The enchantment of mass-produced commodities as markers of a modern and Western way of life formed an indispensable ingredient of postwar political imaginaries. French intellectuals, in particular, were puzzled and fascinated by what they saw as the overdetermination of consumer objects in their time.Footnote 110 Roland Barthes’ call to examine the “decorative display” in popular culture of the “what-goes-without-saying” strongly influenced the rise of cultural studies in the following decades.

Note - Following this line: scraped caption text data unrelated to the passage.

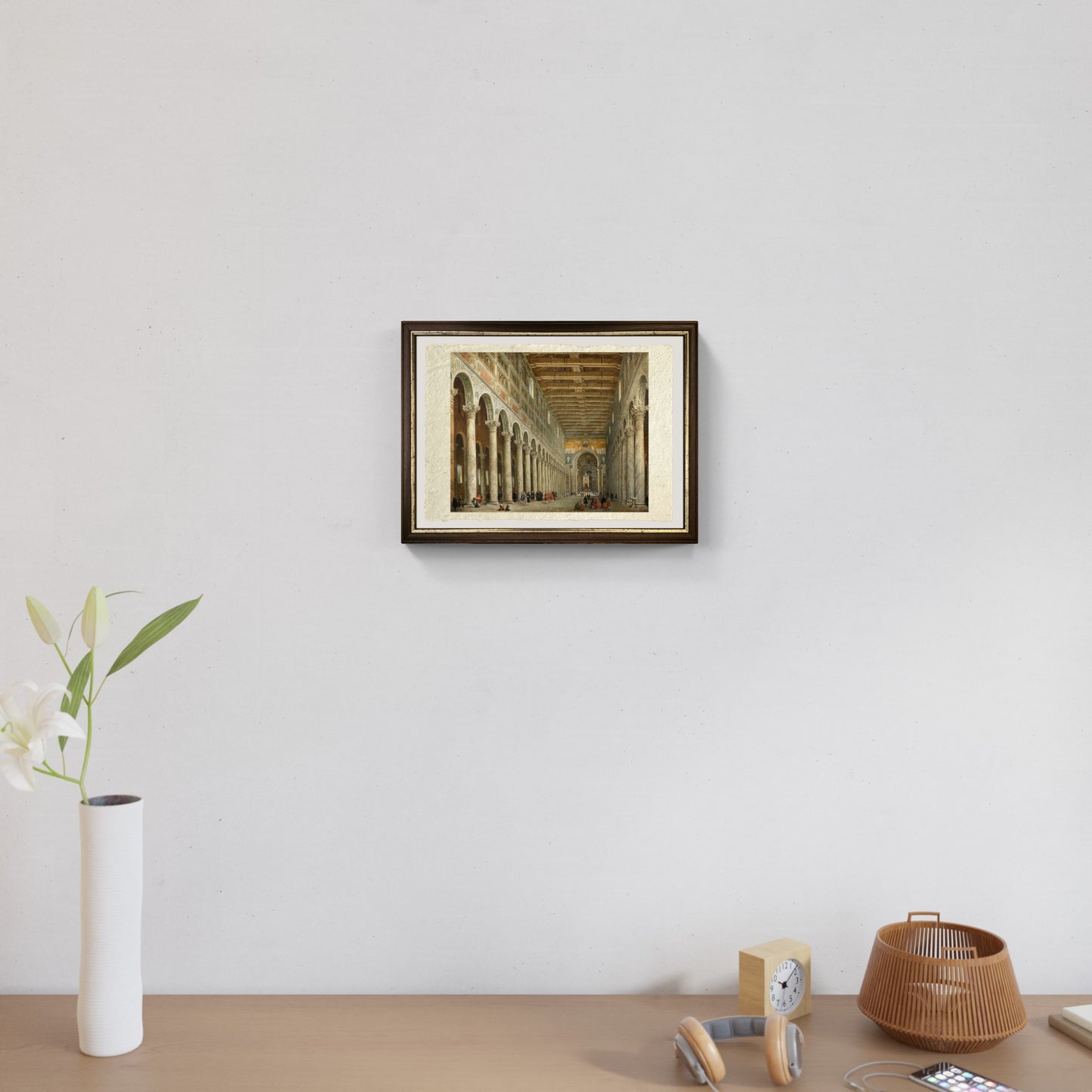 Interno della chiesa di San Paolo Fuori le Mura, Roma di Pannini ingresso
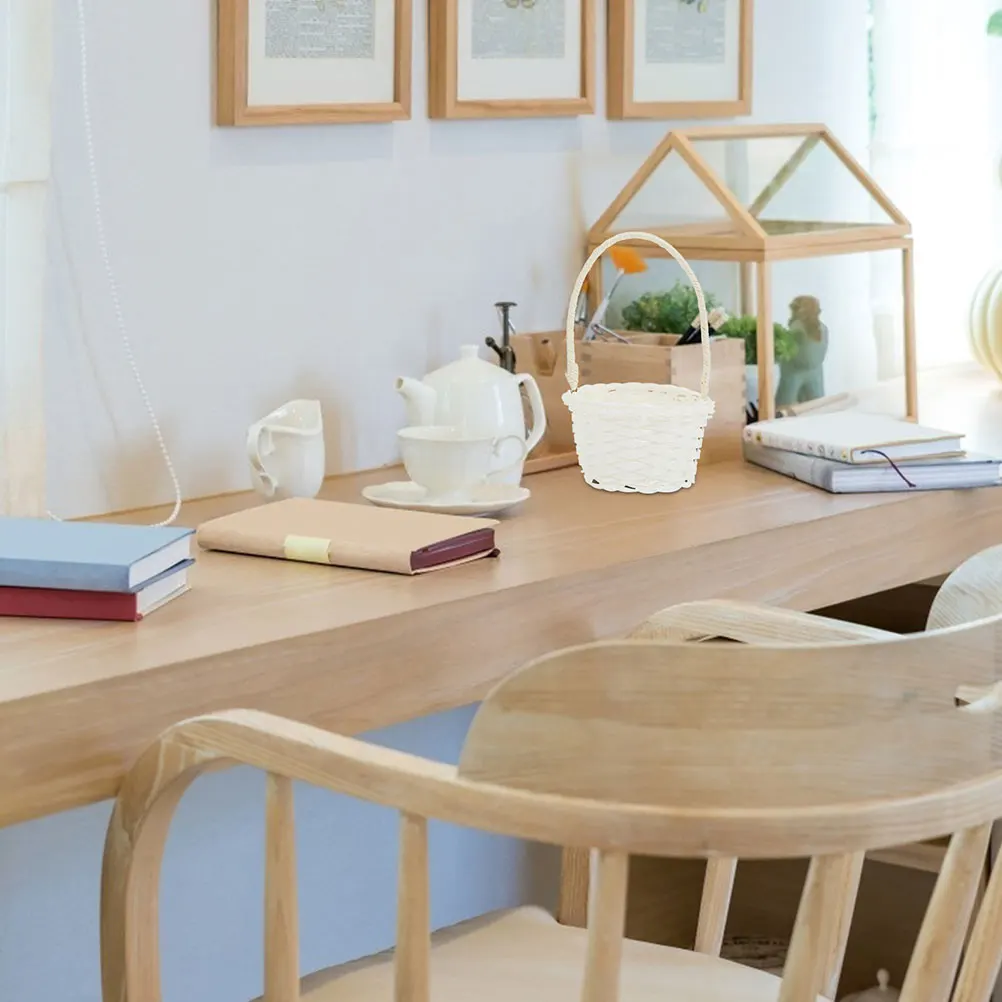 

8Pcs Premium Bamboo Rattan Storage Baskets Pastoral Style Handwoven Flower Fruit Decor Desktop Multi-Function Handle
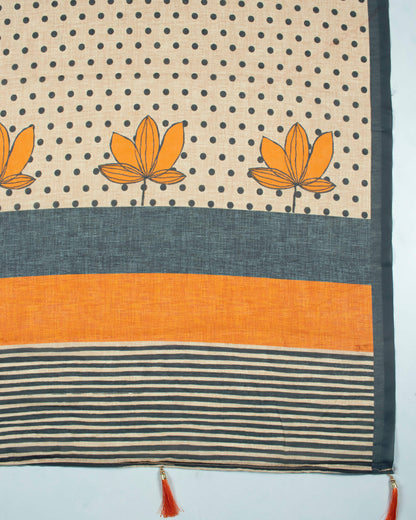 Tan Beige And Sandstone Orange Floral Pattern Digital Print Poly Voile Dupatta With Tassels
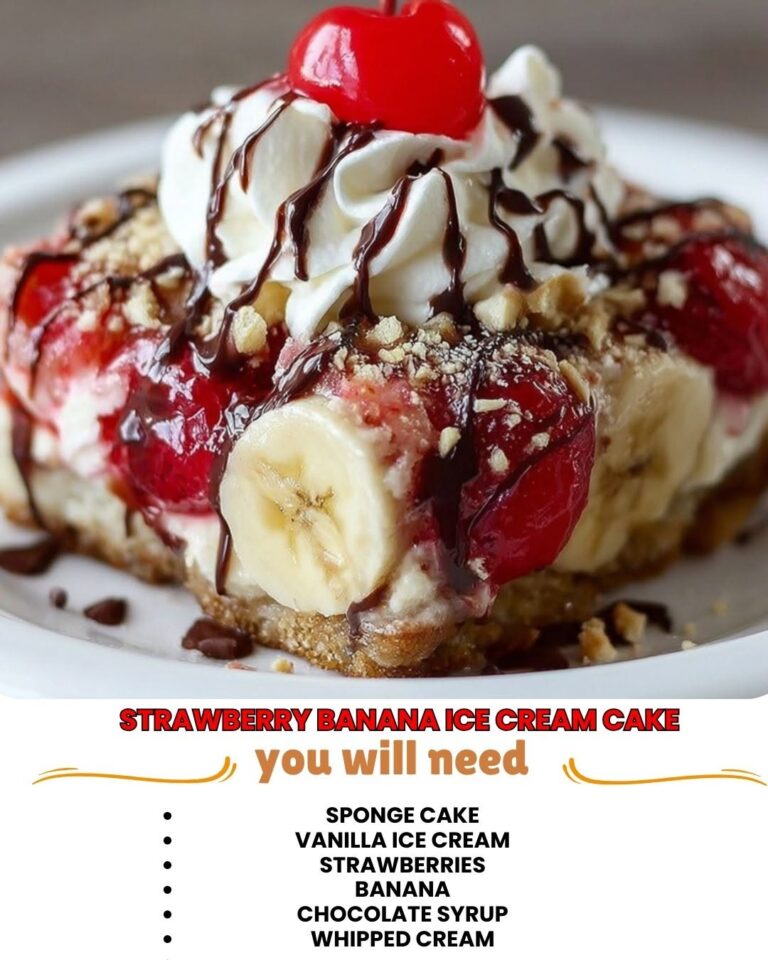 Strawberry banana ice cream cake with fresh fruit toppings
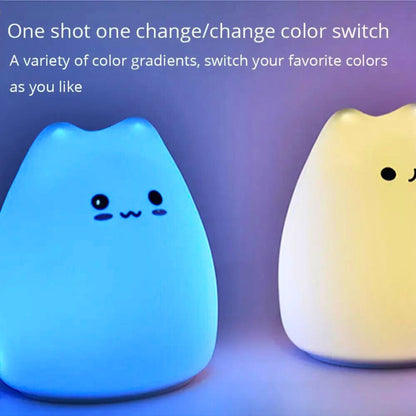 Cute cat lamp change colors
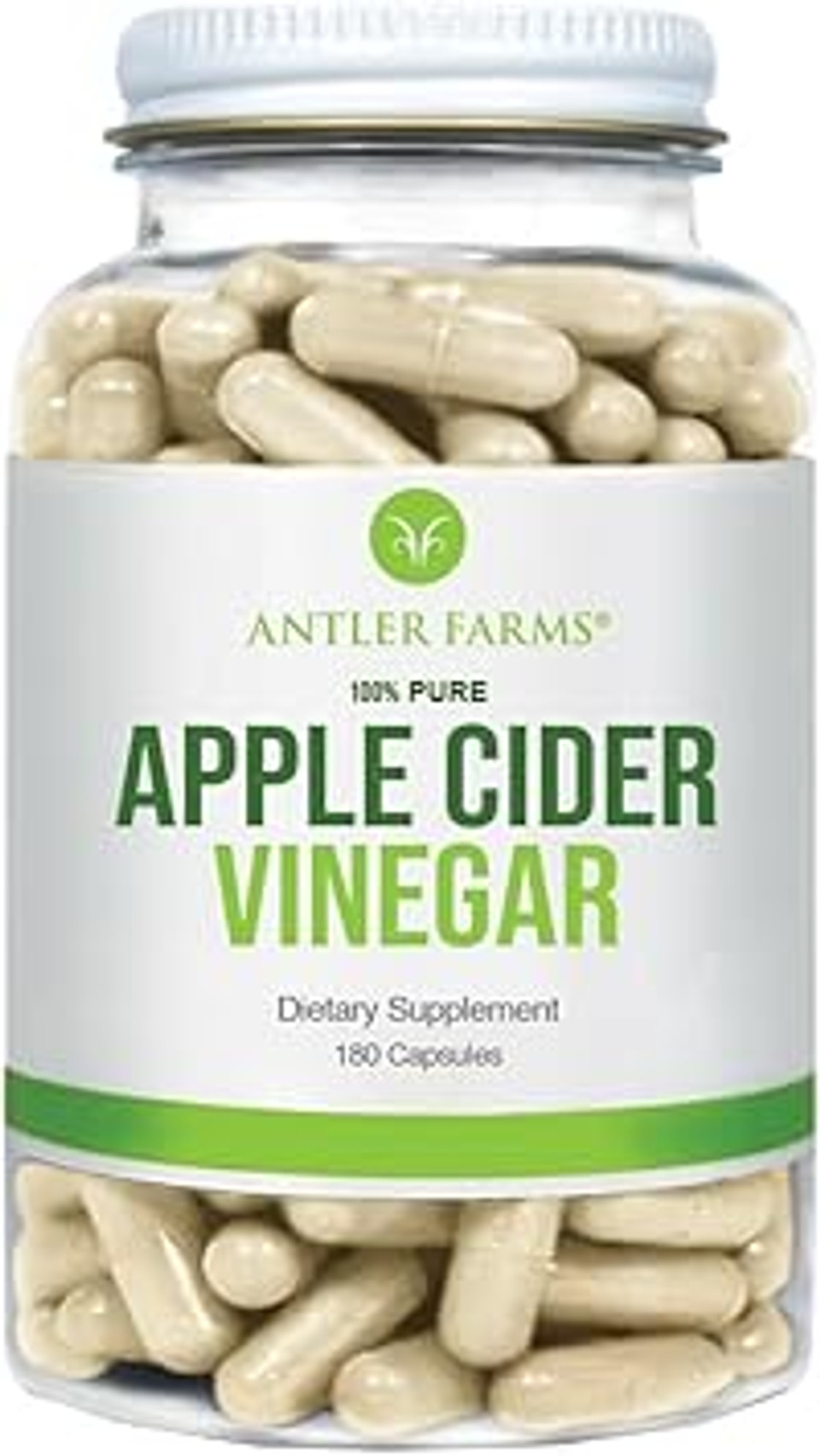 Antler Farms - 100% Pure Apple Cider Vinegar With Mother, 180 Capsules, 500Mg - A Powerful Ally For Gut And Heart Health - Vegan, Gluten-Free & Non-Gmo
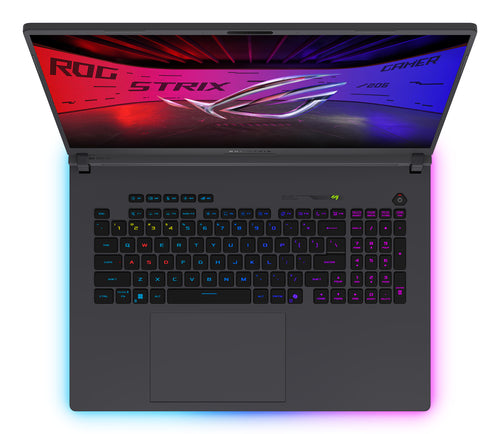 ASUS ROG Strix G18 G815LW-SA358W – tastatur og arbejdsflade set ovenfra; layout på billedet er illustrativt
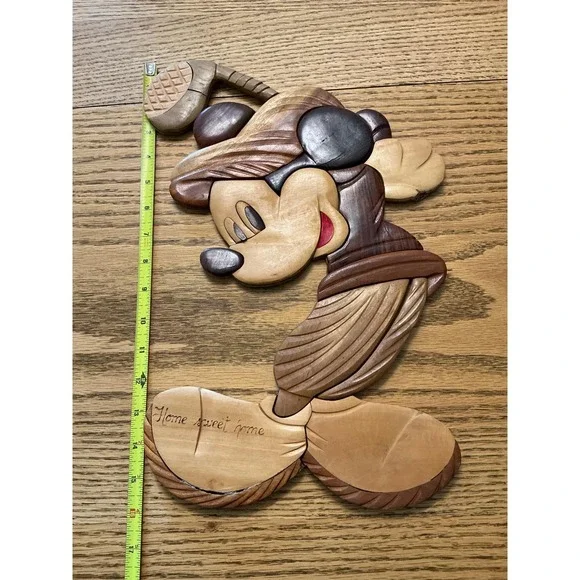 Disney Mickey Mouse Golfing Intarsia Wood Wall Art Home Sweet Home Handcrafted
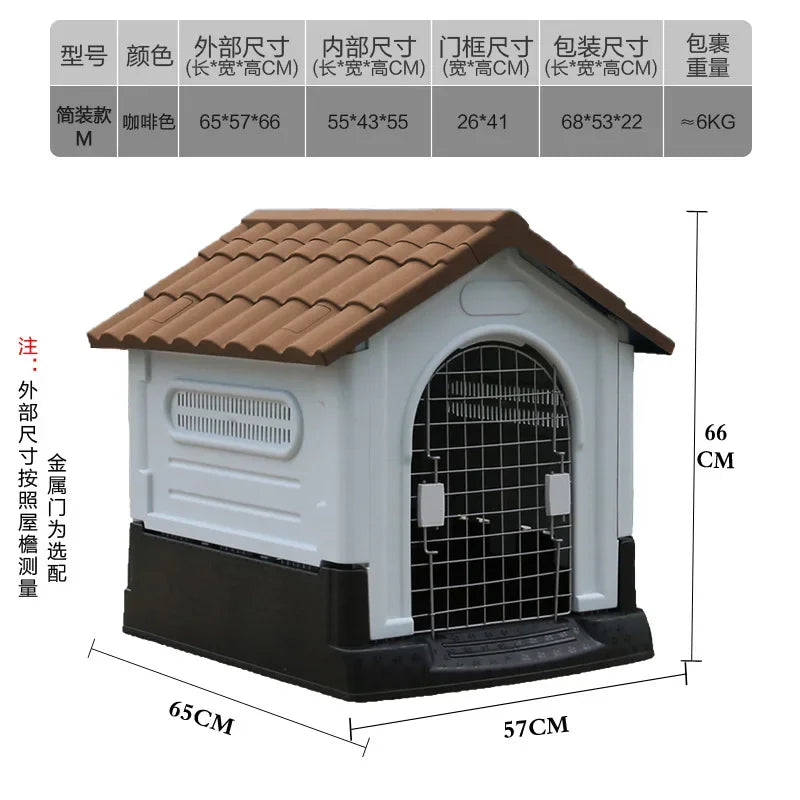 Outdoor kennel with toilet, sun protection in summer, universal in all seasons, outdoor rain-proof dog house, warm in winter, s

Although Barthes stated in his “Mythologies” that every myth “transforms history into nature,” he himself refrained from studying the myths of his own time historically by tracing their genesis back in time.Footnote 111 The ghostly aspects of the Volkswagen's meanings in West Germany teach us that if we are to expand our understanding of the powerful consumer myths and miracles of the postwar period in the West then we need to closely study their concrete emergence in time and in a—not yet—postcolonial space. To pursue this, we need genealogies that systematically bridge the 1945 threshold and we need to develop an awareness of the possible effects of haunting, including on us as scholars.Footnote 112

When Aimé Césaire reflected in 1955 about what the experience of Nazism meant for his contemporaries, he stated provocatively that Europe and the whole of “Western” civilization experienced it as a “choc en retour.”Footnote 113 According to Césaire, Europeans recognized an aspect of themselves in the horrors of the Nazi empire, an aspect which their own frameworks of perception had rendered invisible before, yet they simultaneously hid this realization from themselves. Césaire's insight invites us to ask how postwar societies may have developed and cultivated certain forms of “colonial aphasia” specifically in reaction to the Third Reich's “choc en retour.” This might enable us to get a better handle on how the postwar economic recovery, its accompanying dreamscapes, and the symbolic role of a rebranded West Germany produced their own subcutaneous spheres of haunting.

References

1 I use the name “Volkswagen” for the Volkswagen Beetle. The car was known as the Volkswagen in Germany until the launching of the “Golf” in 1974.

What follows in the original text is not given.